Once a digit is chosen:
- It becomes permanently fixed in the answer
- Its position is marked removed in the Fenwick Tree
- The swap budget decreases
The greedy process repeats until the entire answer is built.
Go Solution
package main
import (
"strings"
)
type FenwickTree struct {
tree []int
size int
}
func NewFenwickTree(size int) *FenwickTree {
return &FenwickTree{
tree: make([]int, size+1),
size: size,
}
}
func (f *FenwickTree) Update(index int, delta int) {
index++
for index <= f.size {
f.tree[index] += delta
index += index & -index
}
}
func (f *FenwickTree) Query(index int) int {
index++
result := 0
for index > 0 {
result += f.tree[index]
index -= index & -index
}
return result
}
func minInteger(num string, k int) string {
n := len(num)
positions := make([][]int, 10)
for i, ch := range num {
digit := int(ch - '0')
positions[digit] = append(positions[digit], i)
}
usedIndex := make([]int, 10)
fenwick := NewFenwickTree(n)
var result strings.Builder
for i := 0; i < n; i++ {
for digit := 0; digit < 10; digit++ {
if usedIndex[digit] >= len(positions[digit]) {
continue
}
originalIndex := positions[digit][usedIndex[digit]]

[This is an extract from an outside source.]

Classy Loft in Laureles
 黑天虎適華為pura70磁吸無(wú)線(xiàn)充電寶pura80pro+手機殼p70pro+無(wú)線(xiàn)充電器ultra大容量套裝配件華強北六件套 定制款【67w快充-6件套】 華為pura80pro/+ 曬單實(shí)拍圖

removedBefore := fenwick.Query(originalIndex)
swapsNeeded := originalIndex - removedBefore
if swapsNeeded <= k {
k -= swapsNeeded
result.WriteByte(byte(digit + '0'))
fenwick.Update(originalIndex, 1)
usedIndex[digit]++
break
}
}
}
return result.String()
}
The Go implementation follows the same algorithmic structure as the Python version.
One difference is that Go does not have a built in deque type in the standard library. Instead, we store all indices in slices and maintain a pointer array called usedIndex to track the next unused occurrence for each digit.
The result string is constructed using strings.Builder, which is more efficient than repeated string concatenation.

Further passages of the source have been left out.